**Prompt:** The entries below contain pictures. Write out only the lines from the line with "Apartman Tombili 7- minute" up to and including the line with "26 Flan Boulevard, Barrie, ON, L9J 0E1 - 13", exactly, without them.

**Extracted entries:**
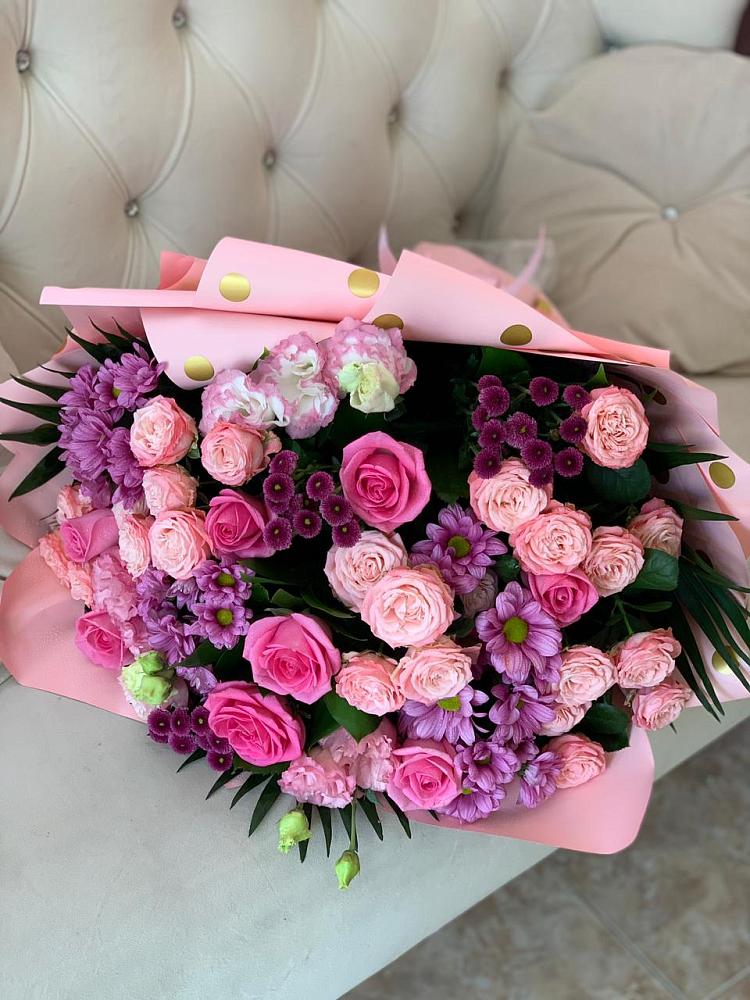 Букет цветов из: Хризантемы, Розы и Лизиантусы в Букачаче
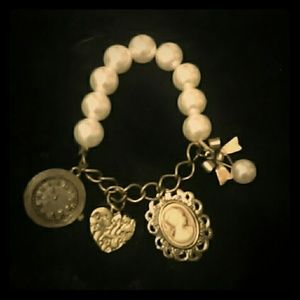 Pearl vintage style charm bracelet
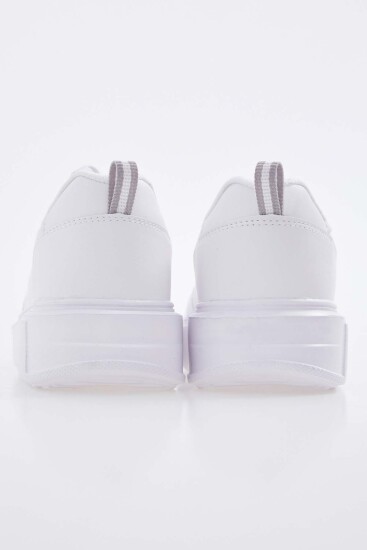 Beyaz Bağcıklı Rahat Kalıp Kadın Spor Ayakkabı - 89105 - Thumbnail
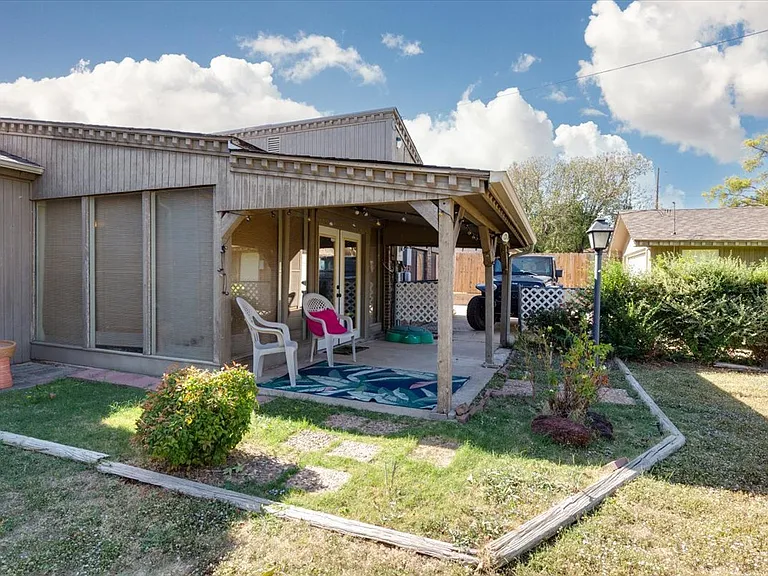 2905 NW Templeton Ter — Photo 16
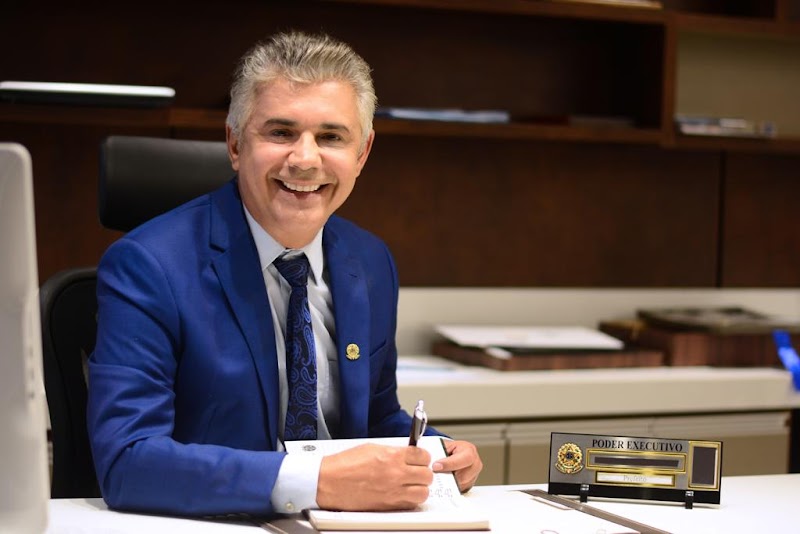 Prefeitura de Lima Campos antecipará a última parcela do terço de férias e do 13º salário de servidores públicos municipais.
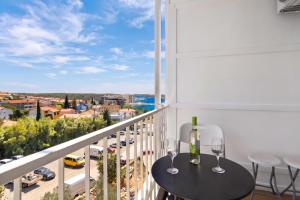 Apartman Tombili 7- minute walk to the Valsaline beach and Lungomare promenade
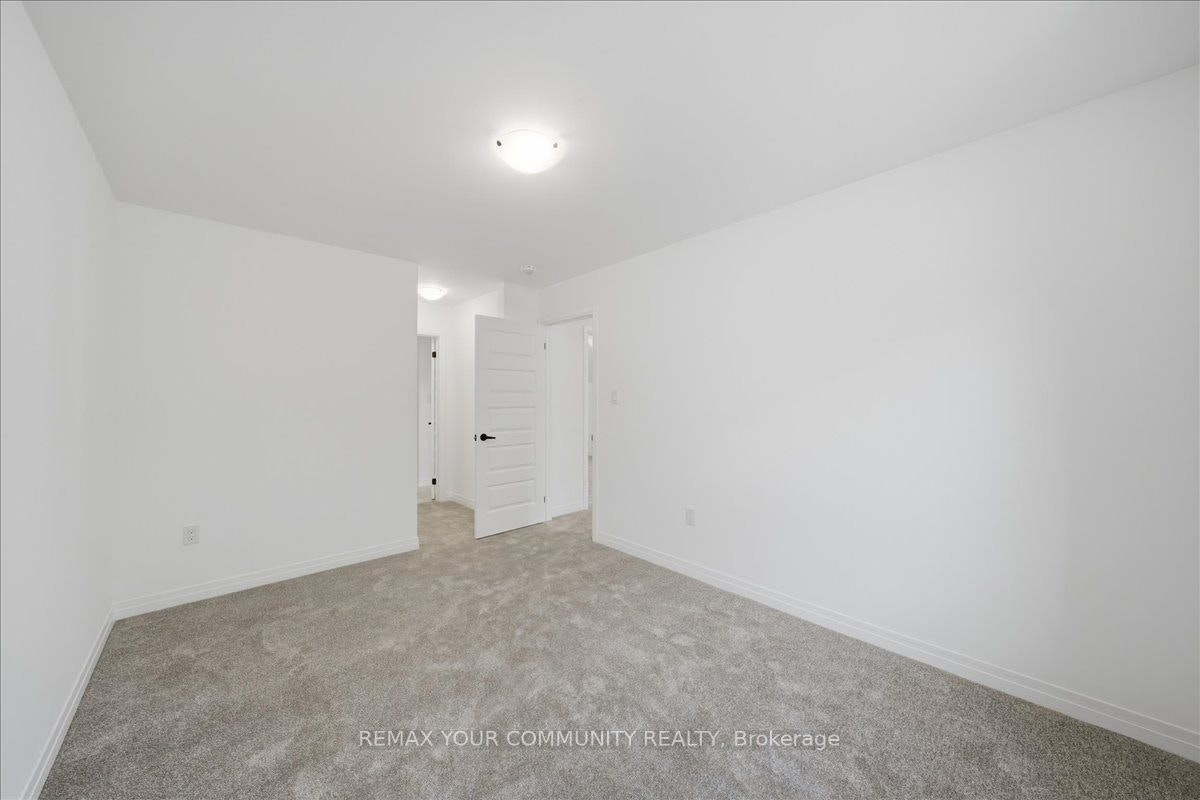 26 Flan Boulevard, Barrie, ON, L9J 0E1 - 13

...

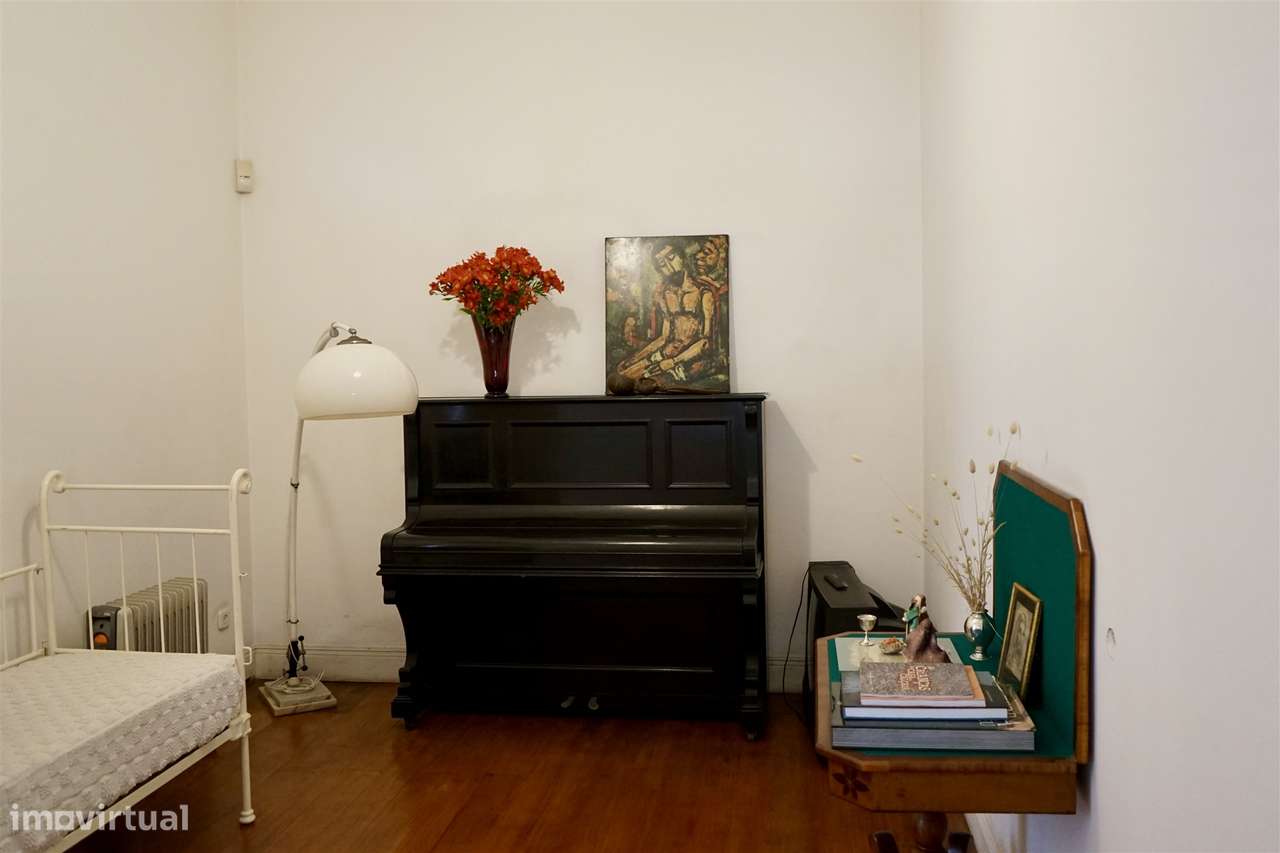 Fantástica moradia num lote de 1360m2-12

==

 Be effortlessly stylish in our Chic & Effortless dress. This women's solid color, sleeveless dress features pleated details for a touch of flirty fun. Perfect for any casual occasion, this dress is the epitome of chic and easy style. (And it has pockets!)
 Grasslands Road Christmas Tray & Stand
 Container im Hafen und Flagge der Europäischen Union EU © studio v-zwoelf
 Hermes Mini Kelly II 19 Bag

**Response to the task:**
 Apartman Tombili 7- minute walk to the Valsaline beach and Lungomare promenade
 26 Flan Boulevard, Barrie, ON, L9J 0E1 - 13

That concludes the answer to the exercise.